# Red de Snubber



## Danko2 (Ago 28, 2007)

Tengo inconvenientes en como calcular la red de snubber. Por otro lado, la red que le puse hace que el motor encienda solo a traves del Triak, es posible que el mal calculo de esta red de snubber haga que se dispare el triak?, muchisimas gracias y si alguien me puede ayudar se lo agradeceria infinitamente


----------



## dant (Ago 29, 2007)

Hola Danko2:

Si , es posible que la snubber que tu calculaste no este funcionando correctamente y estas
excediendo el valor permitido de dv/dt, es lo mas probable cuando tenemos una carga altamente reactiva, donde existe un considerable desfasaje entre la tensión de carga y la corriente de la misma. 
Cuando el triac conmuta, esto es la corriente se hace cero, la tensión aplicada en los bornes del mismo no es cero, debido al desfasaje entre ambas magnitudes. El triac entonces repentinamente requerirá bloquear esta tensión. 
El resultado de esta conmutación puede forzar al triac a volver al estado de conducción si se excede el valor permitido de dv/dt. Otra alternativa es usar un Hi-Com triac.

Saludos, dant


----------



## Danko2 (Ago 29, 2007)

Me ayudarias a calcular el valor de la red de snubber? Muchisimas gracias


----------



## Juan Romero (Ago 29, 2007)

no es muy complicado calcular y dimensionar una red snubber, solo hay que aplicar el calculo y las ecuaciones adecuadas para la aplicacion.


----------



## daniel1985 (Oct 13, 2008)

Saludos

Yo coloque una red SNUBBER entre catodo y anodo y no funciono, ya que al momento de conectarle al enchufe se acciona el rele (se dispara el SCR).

La resistencia y el capacitor no son los valores correctos  

pero al colocarle la red SNUBBER entre compuerta y katodo, ya no se me acciona. (es decir ya no se dispara el SCR al enchufarlo a la pared)

Mi pregunta?, porque sucede esto..............

La resistencia es una 10 ohmios con un capacitor de 100nf, 

dv/dt=5


----------



## Fogonazo (Oct 13, 2008)

Allí va solo una resistencia de bajo valor (Por ejemplo 1000 Ohms) para evitar que alguna interferencia que ande por allí dispare al SCR.
La red de Snubber  va en paralelo con los contactos de relee.

Yo veo mal o R2 es de 100K ?


----------



## daniel1985 (Oct 14, 2008)

Saludos:

si es de 100k, el datasheet decia que la corriente de compuerta es de 50uA, 

5/100k = 50uA

Busque en el datasheet pero no encontre el valor de la resistencia que debo colocar.

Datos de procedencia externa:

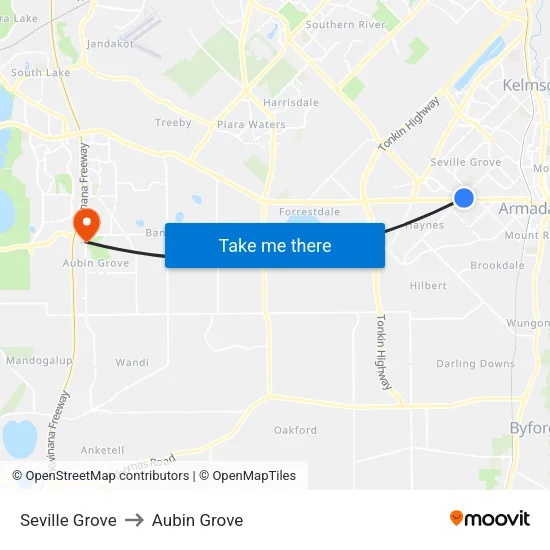 Seville Grove to Aubin Grove map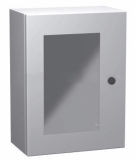 NEMA Type 3 IP12 Industrial Carbon Steel Single Window Quarter Turn Door with Latching Handle Wall Mount Electrical Cabinet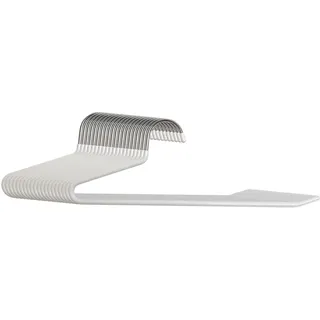 Relaxdays Hosenbügel, 20er Set, rutschfeste Kleiderbügel, platzsparend, HBT: 17,5 x 35 x 0,5 cm, Anzugbügel, weiß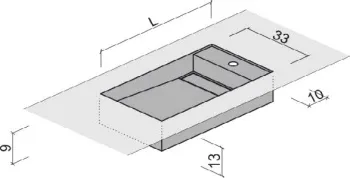 Раковина Brenta Prime 100х33 см из керамогранита встраиваемая снизу (интегрированная) PRM032.100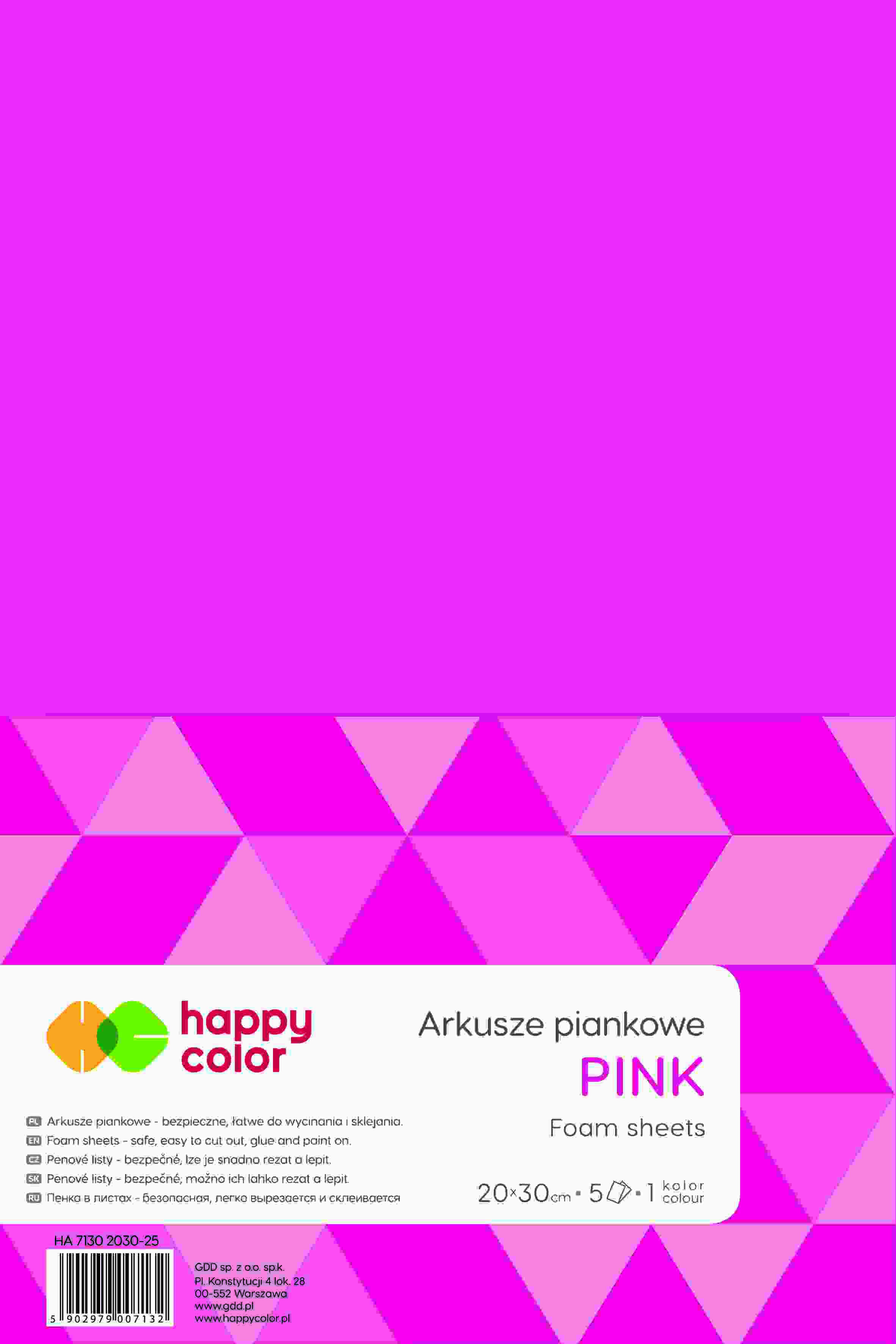 Arkusze piankowe A4 5szt. Happy Color różowe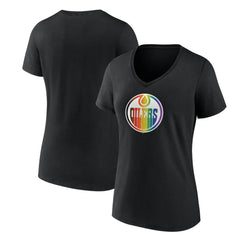 Edmonton Oilers Women's Team Pride V-Neck T-Shirt Black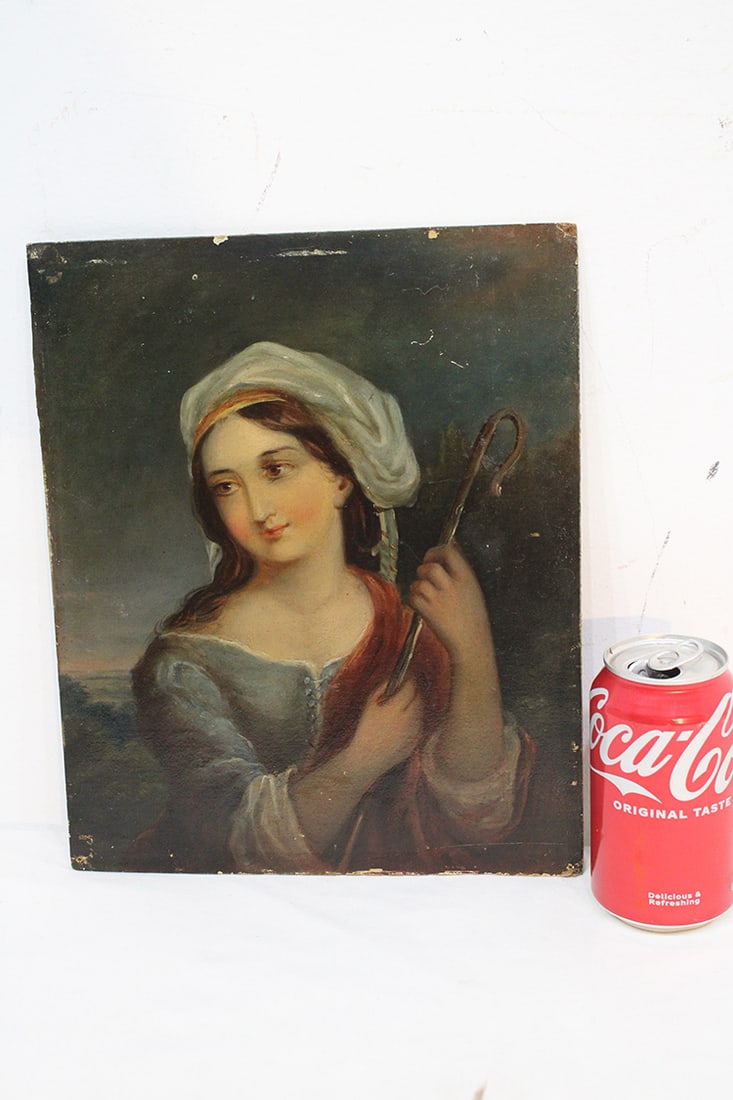 Early Oil On Artist Board Of A Beautiful Lady With A Shepherd Staff (1 of 4)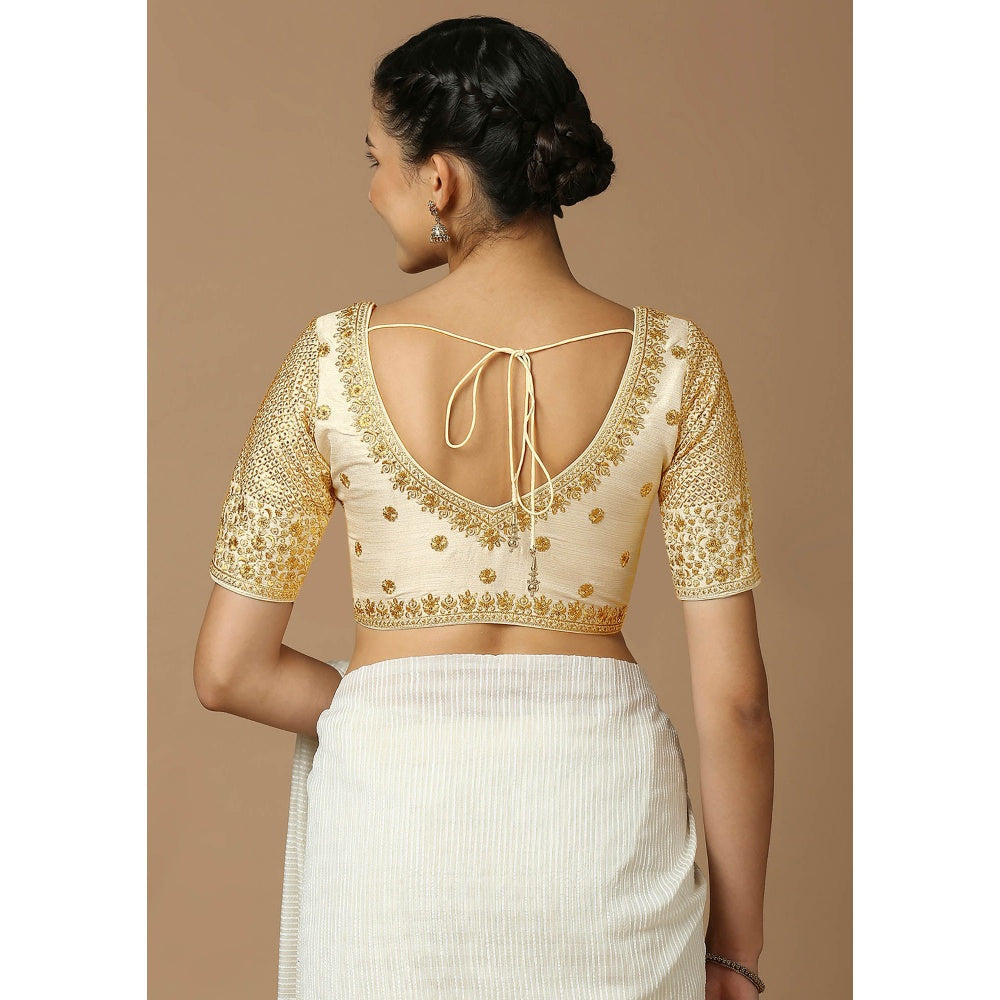 SALWAR STUDIO Womens Off White Embroidered Stitched Blouse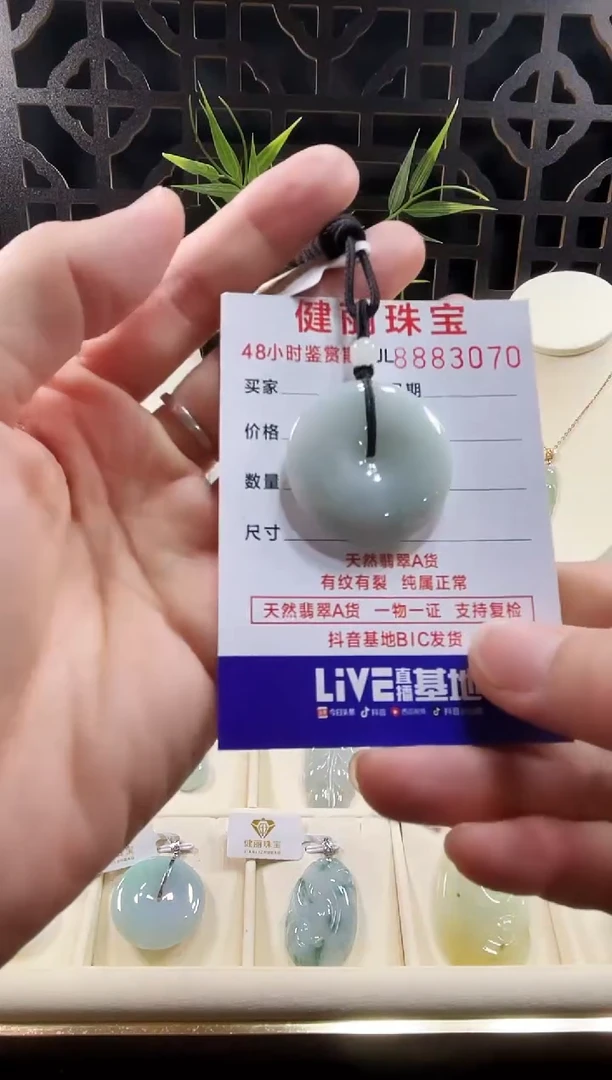 【闪购商品】翡翠颈饰未镶嵌天然缅甸翡翠 平安扣(一物一证)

como coloco la red snubber?


----------



## Fogonazo (Oct 14, 2008)

Serían 50uA sin la resistencia de compuerta, ahora deben bastante más, deberás "Bajar" el valor de R2 para que sobre la "Gate " aparezcan 0,8V para energizar el SCR.


----------



## alekse (Nov 20, 2010)

hola es grato slaudarlos
tengo una duda o problema en el diagrama que tengo no figura lo que veo en 
la imagen, hay un triac 45A que señala y que se conecta a la carga del motor,

es un circuito inductivo
me podrian decir como conectarlo y que componentes necesito como esta ne la imagen
esperrando su ayuda 
gracias 
disculpen , soy nuevo


----------



## vrujo koal (Sep 11, 2014)

como puedo calcular cual es la formula


----------